United States District Court, W.D. Kentucky, Louisville Division
Jan 2, 2008
CASE NO. 3:06-CV-458-R (W.D. Ky. Jan. 2, 2008)

Opinion

CASE NO. 3:06-CV-458-R.

January 2, 2008


MEMORANDUM OPINION


This matter comes before the Court on Plaintiff Alexandria Glaser's Motion for Summary Judgment (Docket #21). Defendants Kentucky Commercial Services Inc., ("KCS") and Stonecrest Condominium Association ("Stonecrest") responded to Plaintiff's motion, and have filed their own Motion for Summary Judgment. (Docket #24). Plaintiff has replied (Docket #26). This matter is now ripe for adjudication. For the reasons that follow, Plaintiff's Motion for Summary Judgment is DENIED. Defendants' Motion for Summary Judgment is GRANTED.

BACKGROUND

KCS was the property management company for Stonecrest Condominium Association. As the property manager, KCS was responsible for maintaining Stonecrest property. KCS also had the duty to collect fees and fines on Stonecrest's behalf.

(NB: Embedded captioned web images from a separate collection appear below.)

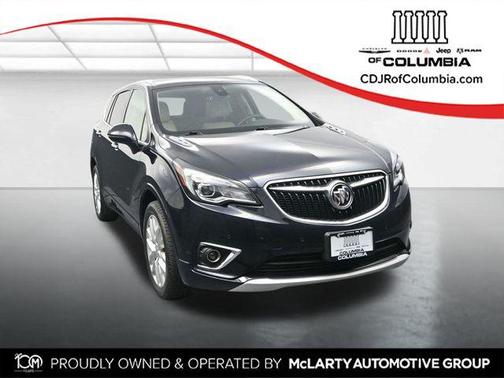 2020 Buick Envision AWD Premium II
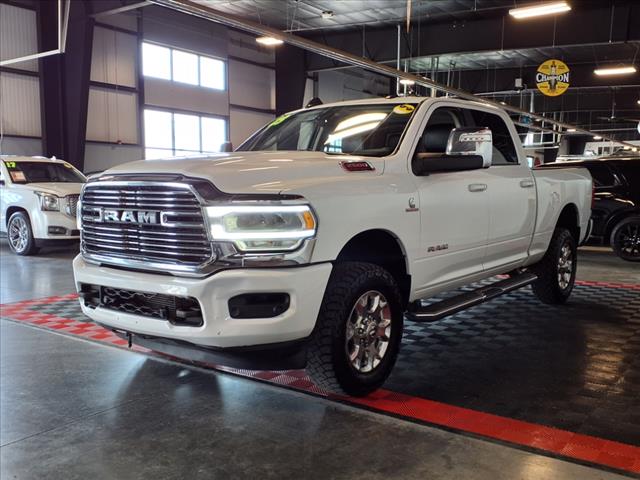 2023 RAM 2500 Laramie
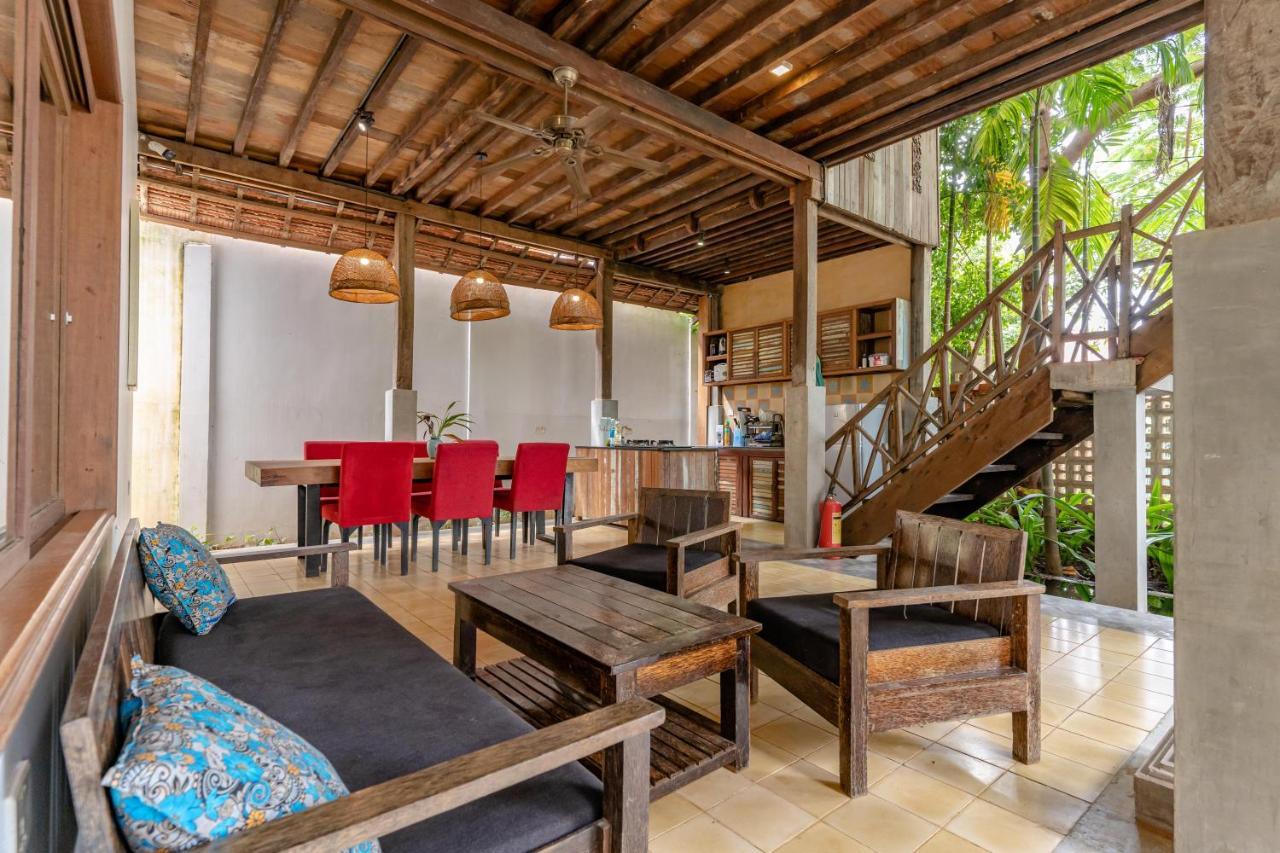 Casa Amor เสียมราฐ ภายนอก รูปภาพ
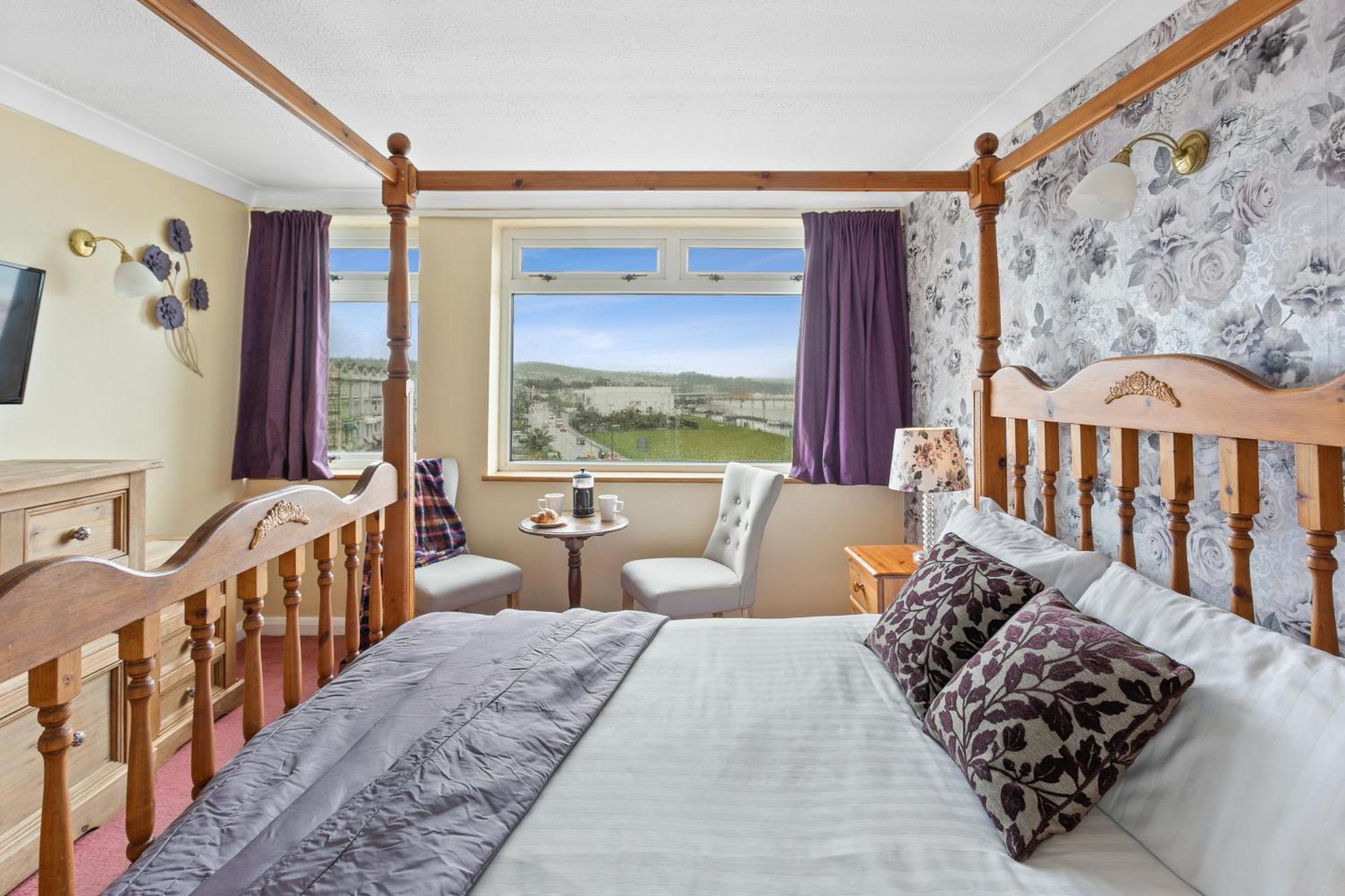 Seaways Hotel Paignton Bagian luar foto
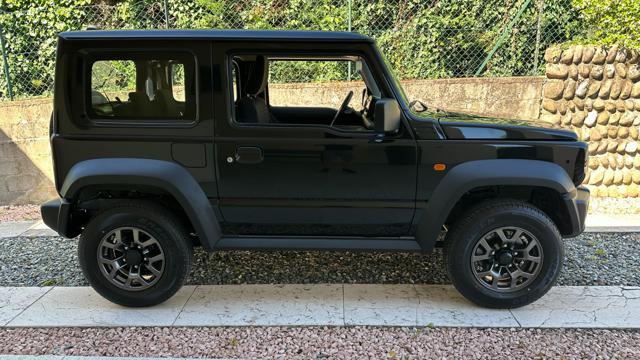 SUZUKI Jimny Autovettura 4 Posti Cambio Manuale + Ridotte
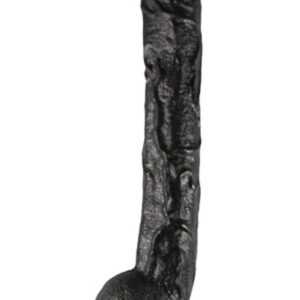 Doc Johnson Dick Rambone Black 42 cm XL dildo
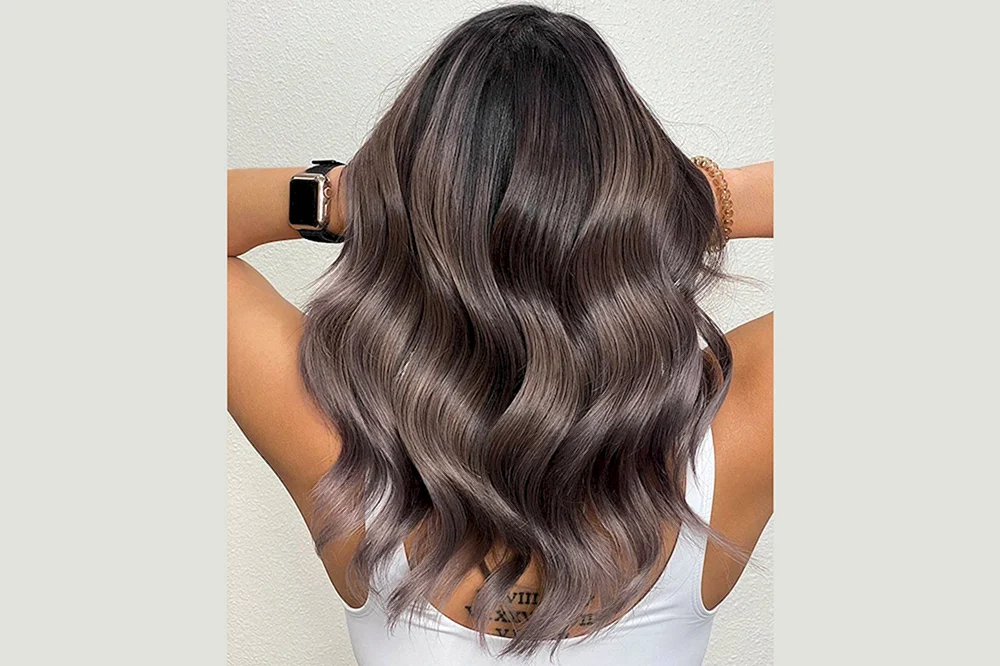 Pepel Haarfarbe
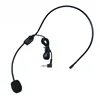 Micrófono con cable de 3,5mm para amplificador de voz, altavoz, altavoz, micrófono condensador para enseñanza ► Foto 2/6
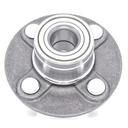 Maza de Rueda RODATECH
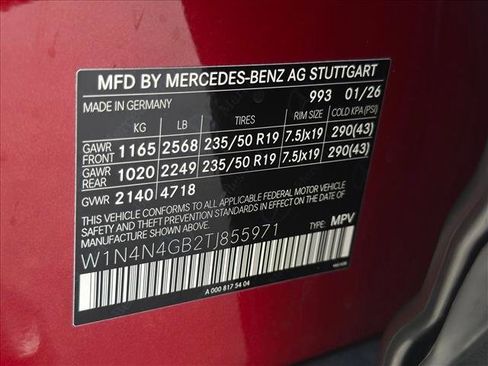 Used 2026 Mercedes-Benz GLA 250 image 25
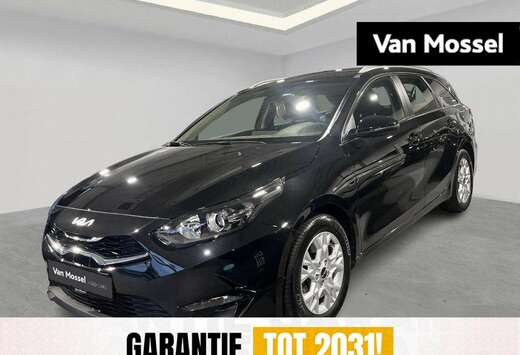 Kia Sportswagon Pulse 1.0 T-GDi 120 ISG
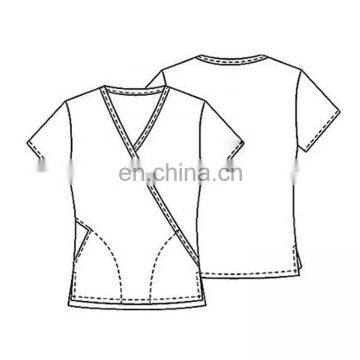 Good Quality Scrub Suit for Hospital Working Wear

On July 6, 2005, KCS sent a letter to Plaintiff informing her that, by request of the Stonecrest Board of Directors, KCS was charging her account $67.00 for a broken lock. She was to give the check to KCS, but it was to be made payable to Stonecrest. Plaintiff was to include the check with her next monthly dues payment.

On August 4, 2005, Plaintiff sent a letter to Stonecrest, informing the Stonecrest Board of Directors that Plaintiff was advised by legal counsel not to pay the $67.00 charge. Plaintiff believes that her letter was discussed at the Board of Director's next meeting. Plaintiff alleges that she was informed by two members of the board that as a result of the meeting, Plaintiff was not responsible for the $67.00.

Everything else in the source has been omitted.